Dataset records ->

+++

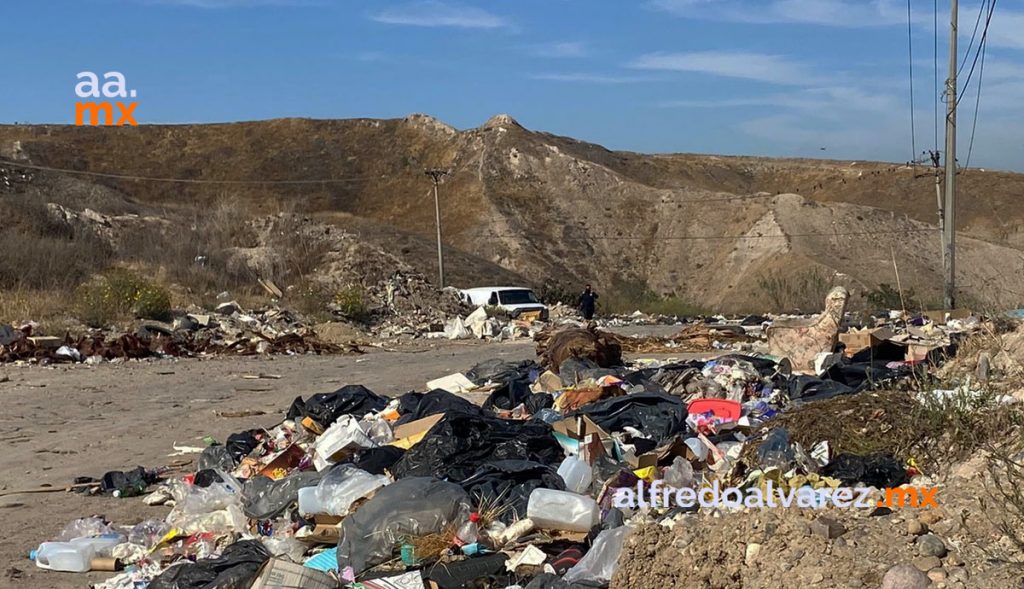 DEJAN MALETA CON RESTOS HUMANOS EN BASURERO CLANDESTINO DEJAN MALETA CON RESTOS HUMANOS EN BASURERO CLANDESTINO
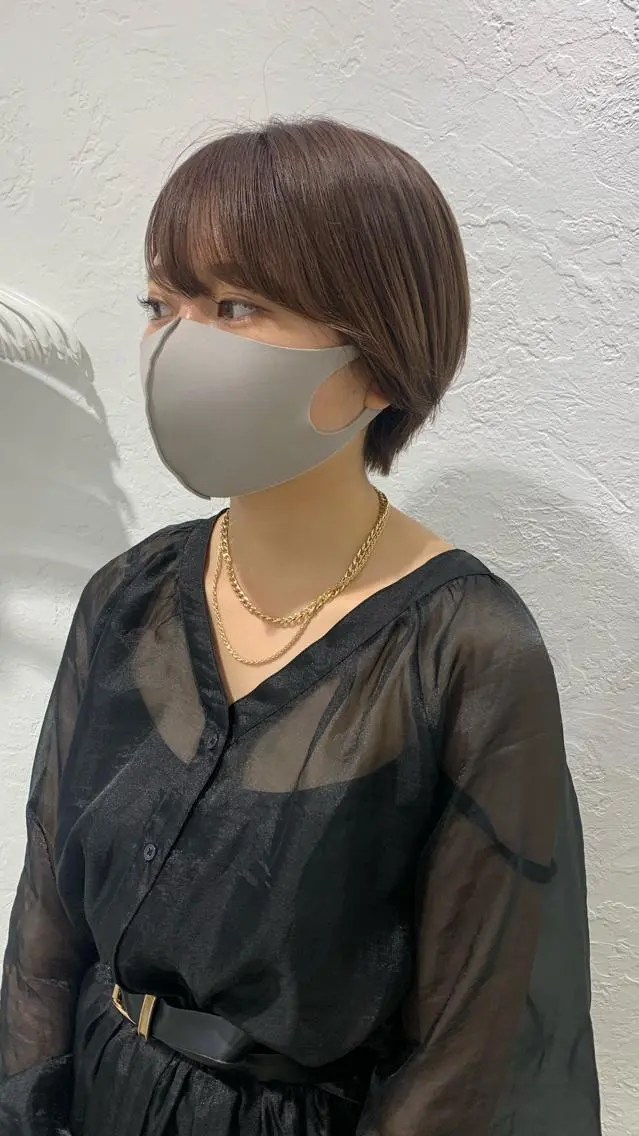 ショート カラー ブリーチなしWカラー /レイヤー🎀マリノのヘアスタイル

+++

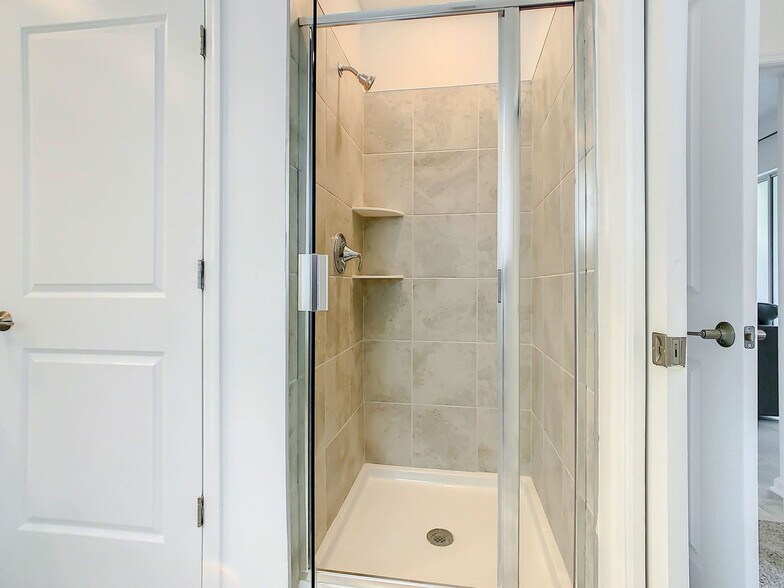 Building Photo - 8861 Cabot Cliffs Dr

+++

Work to be completed ->
For this exercise, return exactly the lines above from the line with "DEJAN MALETA CON RESTOS HUMANOS EN BASURERO CLANDESTINO DEJAN" through the line with "ショート カラー ブリーチなしWカラー /レイヤー🎀マリノのヘアスタイル", both included. Do not copy the pictures.

Output for this exercise ->
 DEJAN MALETA CON RESTOS HUMANOS EN BASURERO CLANDESTINO DEJAN MALETA CON RESTOS HUMANOS EN BASURERO CLANDESTINO
 ショート カラー ブリーチなしWカラー /レイヤー🎀マリノのヘアスタイル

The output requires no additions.